|L-R: Gwilym Simcock, Scott Colley, Ambrose Akinmusire,
Brian Blade, Wolfgang Muthspiel
Photo credit and © Steven Cropper of www.transientlife.uk
Wolfgang Muthspiel Group
(Ronnie Scott’s. 5th March 2017. First night of two. Review by Sebastian Scotney)
When five talents are gathered together who are each as completely individual and assured as those who were assembled on the stand at Ronnie Scott’s last night, there is a temptation to go and re-check the mathematical formula for how many possible pairs there are in the group of five (*). The answer is ten. So, since inspiration can always flow in both directions, there are twenty possible ways in which interplay and interaction can happen. The live experience at relatively close quarters is fascinating because one can see all of those interactions happening in real time, one can witness the expressions of surprise, the glances, the reactions, one can not just hear but also see a musical idea as it goes on its travels.
For a review, it would take too long to do justice to all of that constantly evolving web of possibilities, Pick one: to me, the most constantly energizing and exciting combination on stage last night was drummer Brian Blade and pianist Gwilym Simcock. Each of these two seemed to be constantly looking out and expecting to receive a surprise from the other. I am guessing this tour might be the first opportunity they have had to form part of the same band (?) Anyway, the prospect that they might at some stage want to repeat the experience is an exciting one – and I for one would want to be there to see it.
Blade has known Muthspiel for a long time. Their improbably titled (and rather fine) album Air, Love and Vitamins was released as long ago as 2004, and Blade is familiar and comfortable with the quiet vibe and sometimes very slow tempi that come naturally to Muthspiel. Blade colours and narrates these stories with ever-fresh artistry. And with an ideal rhythm partner in Scott Colley, the ways they found to reinforce the pulse, the landings, were illuminating.

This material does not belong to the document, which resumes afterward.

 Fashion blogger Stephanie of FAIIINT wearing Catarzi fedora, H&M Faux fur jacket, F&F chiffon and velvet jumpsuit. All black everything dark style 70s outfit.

And once a more urgent tempo took over (it was with a sense of relief – one deathly slow number did get applauded in a way that seemed to signify the audience’s will for it to end ASAP) they were absolutely in their element. The whole- band intensity build in the first half closer Super Ronnie, dedicated to the sound man on this tour, was totally involving and compelling, as was the second half closer, a tune of Gwilym Simcock’s called Antics, with all players flawlessly negotiating a complex breakneck-speed written-out ending.
Wolfgang Muthspiel has made a second ECM album Rising Grace, and most of last night’s repertoire came from that album. Mike Collins in his CD review (link below) describes his fascination with the “patchwork of moods” and describes the album as “delightful, beautiful”, but I found the live experience (with Simcock and Colley replacing Brad Mehldau and Larry Grenadier respectively), just seemed to go deeper, it was at a different level of daring, communicative involvement and pro-activeness. Ambrose Akinmusire showed what an astonishingly wide range of expression he has, and Scott Colley, a complete virtuoso with a George Duvivier-like sense of time and how to land was impeccable both as soloist and as solid core of the group.
There’s another night at Ronnie’s tonight. Go.